The point Mr. Harford is making is that when you have a lot of smart people working together in a tightly knit network, that region is a virtual hotbed of knowledge sharing. Knowledge breeds more knowledge, and when businesses pop up they tend to have competitive advantages over those in less innovative regions.
Small cap investors take note - Israel is one of these innovation regions.
How did this young country, with its history of war and instability, manage this accomplishment? Well, the army seems to have played a pretty big role in Israel's tech development.
Israel's tenuous geopolitical situation has made compulsory military service a necessity. Every Israeli spends at least a few years in some part of the service, developing leadership skills, and building a huge network rivaling the biggest American universities. Young men and women with good technical skills join the Taalpiyot Unit, which deals with highly advanced electronics technology. When these people leave the army, they have the technical skills, leadership ability, and connections to build new and innovative companies.
Unfortunately, Israel's innovation cradle is no stranger to rocket fire. But the violence has done very little to derail the tech sector's growth.
Israelis have learned to adapt to the various levels of hostility. Like a constant noise you can eventually tune out, Israeli firms and investors have largely tuned out the violence.
Let's take the Gaza War of 2008 as a case study. The three-week armed conflict took place in the Gaza Strip during the winter of 2008-2009. I'll avoid the political motivations and such for the war. On November 4, 2008, the Israeli Defense Force made their first major incursion into Gaza. From that day until mid-December of the same year, more than 200 Qassam rockets and mortar shells were fired into Israel.

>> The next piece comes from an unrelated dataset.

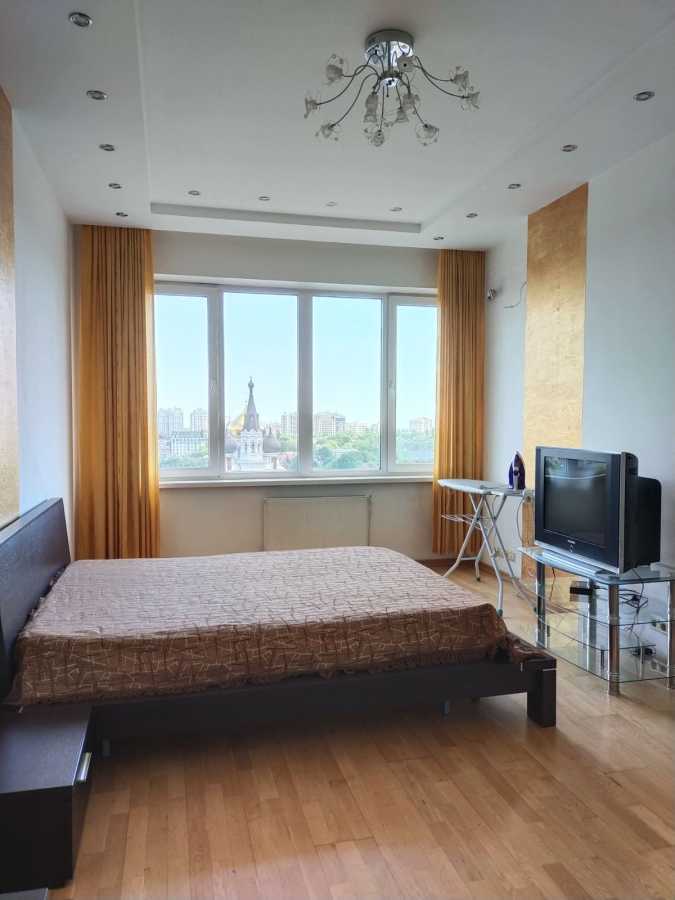 Аренда 1-комнатной квартиры 50 м², Екатерининская ул., 90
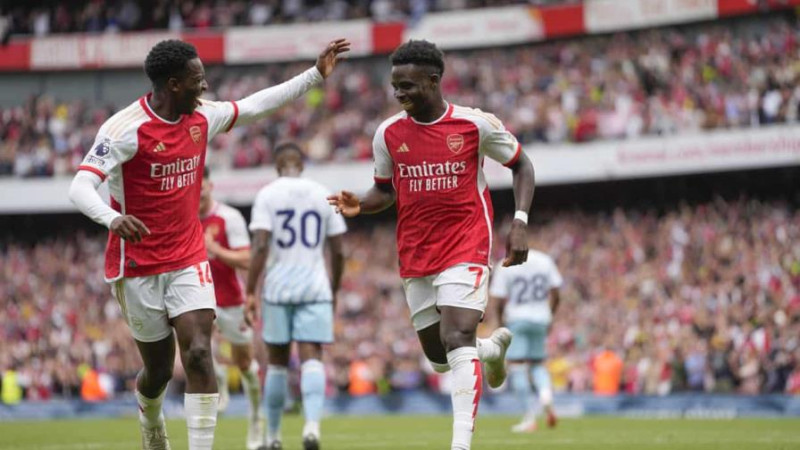 Bukayo Saka del Arsenal celebra con su compañero Eddie Nketiah tras anotar en el encuentro ante el Nottingham Forest en la Liga Premier.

Despite this surge in violence, the Tel Aviv Stock Exchange traded more on news of Lehman Brother's collapse than battles next door. Below is a chart of the TA-25, Tel Aviv's benchmark blue chip index. The first arrow points to Lehman's collapse, the second points to the outbreak of the War in Gaza.
This is a pretty consistent trend. In 2006, the Israel army engaged in a very costly war in Lebanon. Less than three months after the war, the Tel Aviv stock market hit all time highs. The war put only a slight damper on growth, and after it ended, almost every sector in the economy came out stronger than before.
Maybe that stability in the face of violence is why Israel has finally moved up to the big leagues. The tiny Middle-Eastern state is now a member of the Organization for Economic Cooperation and Development (OECD). The country is no longer considered an emerging market. That's bad news for emerging market ETFs, most of which give Israel a heavy weighting.
But it is great news for Israeli companies, and particularly small cap stocks in the country. Being able to join the OECD is like getting a good credit rating. As Nobel Prize-winning economist Paul Krugman says, the Israeli economy is one of the world's "happy stories."
The Jewish state didn't need financial stimulus to break out of the global recession. They're on track to see an annualized growth rate near 4% this year, and average unemployment has dropped almost a whole percentage point.
In a world where developed countries are struggling with huge debt loads and weak recoveries, Israel truly is a success story. And boy do I like investing in success stories.
The availability of Israeli stocks on U.S. indexes, Israel's stable economic position, and Israeli companies' constant innovation make the country an unparalleled investment opportunity.